Confesso: fui Otário !!!


Tenho grandes amigos. Um deles é o Mozaniel Almeida. Amizade nascida no RL e estendida para o resto de nossas vidas.

O cabra é meu conterrâneo, aqui de Teresina, embora resida em Aracaju há muitos anos. Não é poliglota e muito menos troglodita, mas, escreve “causos” como poucos... seja pela qualidade do texto ou em virtude do bom-humor refinado e marcante.


Mozá usa um epíteto engraçado e sugestivo 
— Um Piauiense Armengador de Versos. É conhecidíssimo e amado no Recanto das Letras.

É intelectual dos bons e sonetista notável. Sabe tudo e mais um pouco sobre qualquer assunto que se converse, mesmo que se trate de uma lenda siberiana, contada pelos oficiais alemães, durante a 1ª Guerra Mundial. Possui memória do tamanho dum elefante (trilhóes de gigabytes). Aquilo que sei nas entrelinhas, ele conhece  com profundidade e detalhes.

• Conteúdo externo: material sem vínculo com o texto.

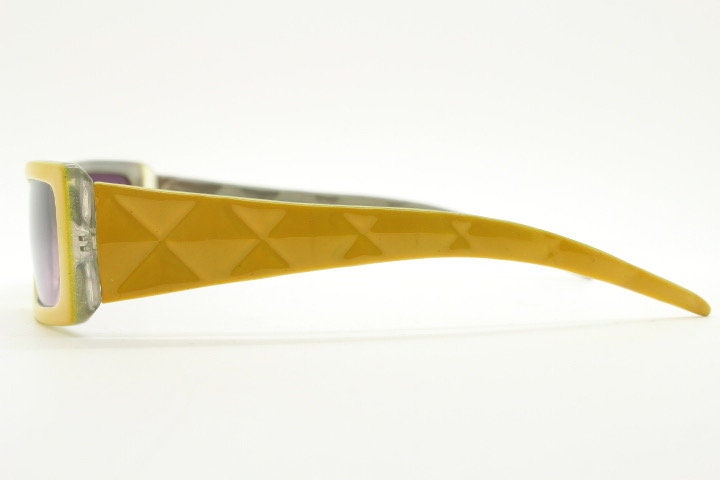 Y2K vintage rectangular shield sunglasses. Low profile canary yellow wrap around frame with quilt effect arms and ombre lenses. NOS. 2000s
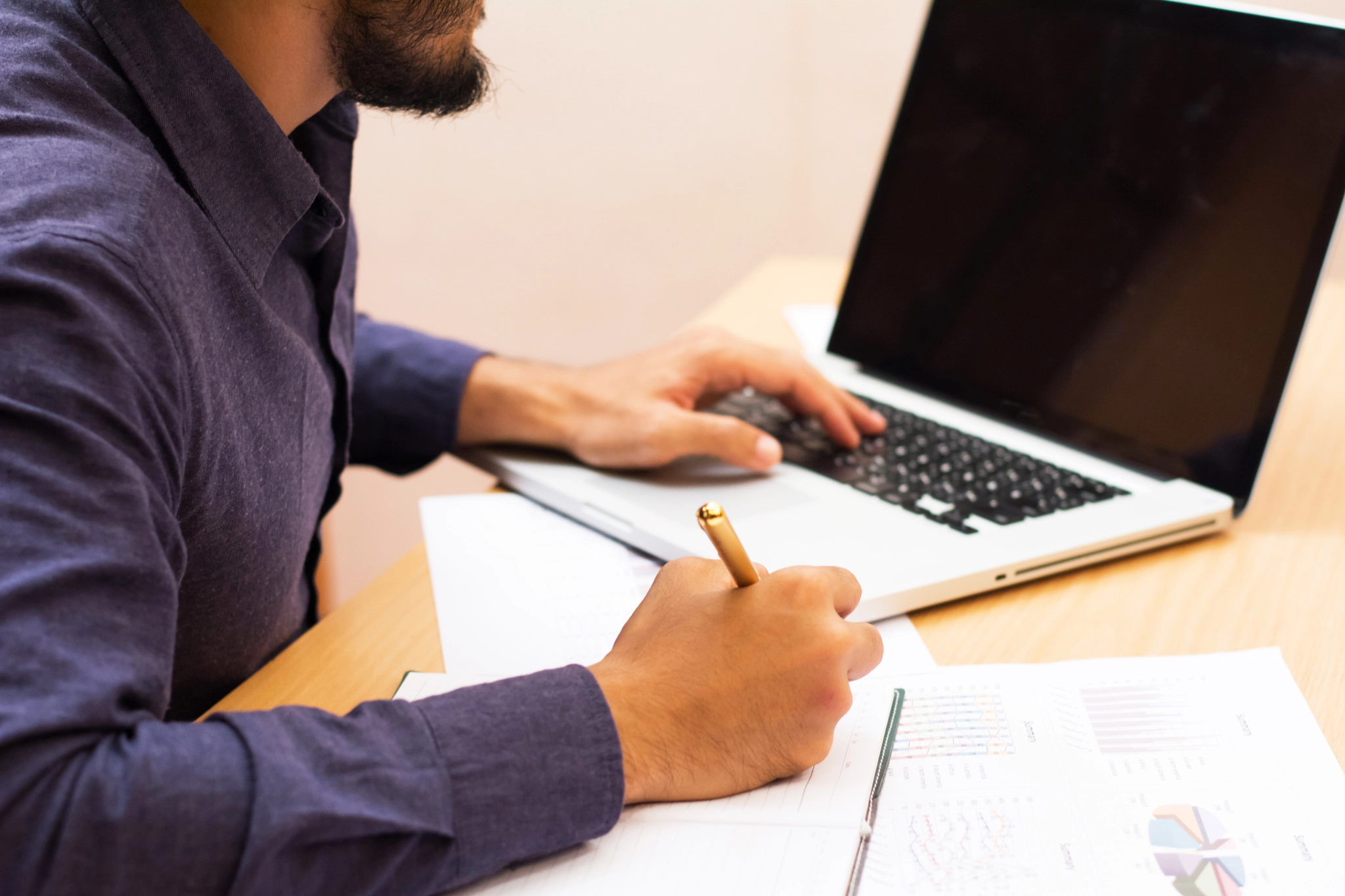 Business man working at office with phone.tablet and graph data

Além dessas características, tem algo absolutamente sui generis: seus comentários costumam ser melhores do que os próprios escritos que lhe dão origem. Pelo menos em relação aos meus, assevero ser verdadeiro!.

E, dentre mais de centena de extraordinários textos, postados no RL, criou a graciosa série “Coisas que só acontecem comigo”. São causos divertidos e margnificamente contados, que, de pés juntos e dedos entrelaçados, o escriba jura verdadeiros. Eu, sinceramente, mesmo que desconfie um pouquinho... ACREDITO SEMPRE!!!

Pois bem... dentre os diversos causos interessantes que postou no RL, destaco o relato das artimanhas utilizadas por um esperto cidadão, ao lhe dar golpe num caixão de defunto. Quando li, lembrei-me imediatamente de algo ocorrido comigo, muito vexatório. Vou descrevê-lo!!!

Era estudante de economia em Recife. Tinha uns dezoito anos. Morava com conterrâneos, num apartamento alugado, localizado nas imediaçãoes da Universidade Federal de Pernambuco: espécie de república de estudantes piauienses.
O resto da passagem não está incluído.